YOUR OBJECTIVE =>
Below, locate the line that contains "Nura Botanik Yoğun". Repeat exactly from that line to the line that contains "Mouse rodents - Advert 3", inclusive, leaving out the pictures.

DATASET ENTRIES =>
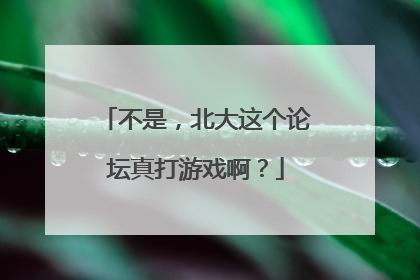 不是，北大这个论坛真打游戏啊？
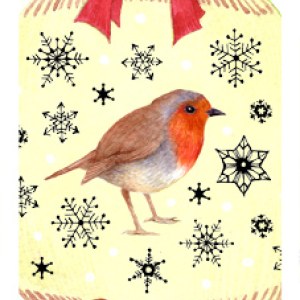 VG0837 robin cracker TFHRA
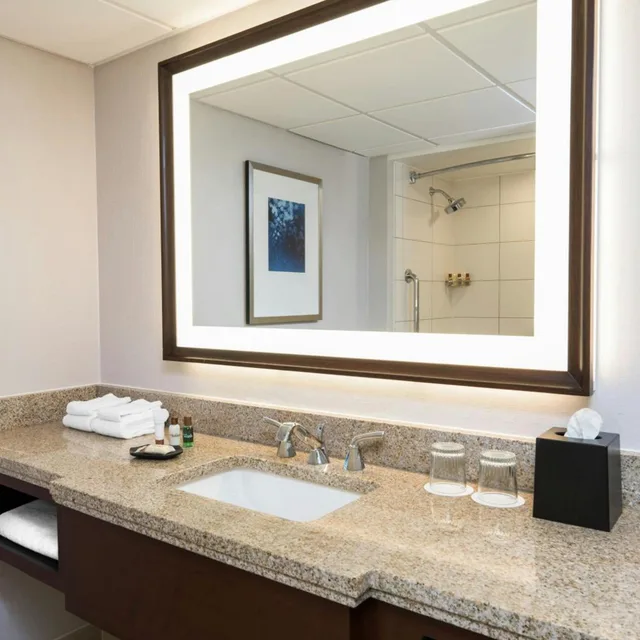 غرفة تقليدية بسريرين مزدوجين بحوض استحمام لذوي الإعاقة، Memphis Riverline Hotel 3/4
--
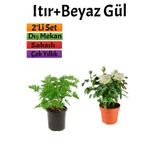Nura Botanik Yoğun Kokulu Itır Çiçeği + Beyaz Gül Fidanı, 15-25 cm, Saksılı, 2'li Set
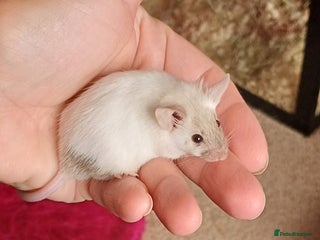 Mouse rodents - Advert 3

RESULT OF THE TASK =>
Nura Botanik Yoğun Kokulu Itır Çiçeği + Beyaz Gül Fidanı, 15-25 cm, Saksılı, 2'li Set
 Mouse rodents - Advert 3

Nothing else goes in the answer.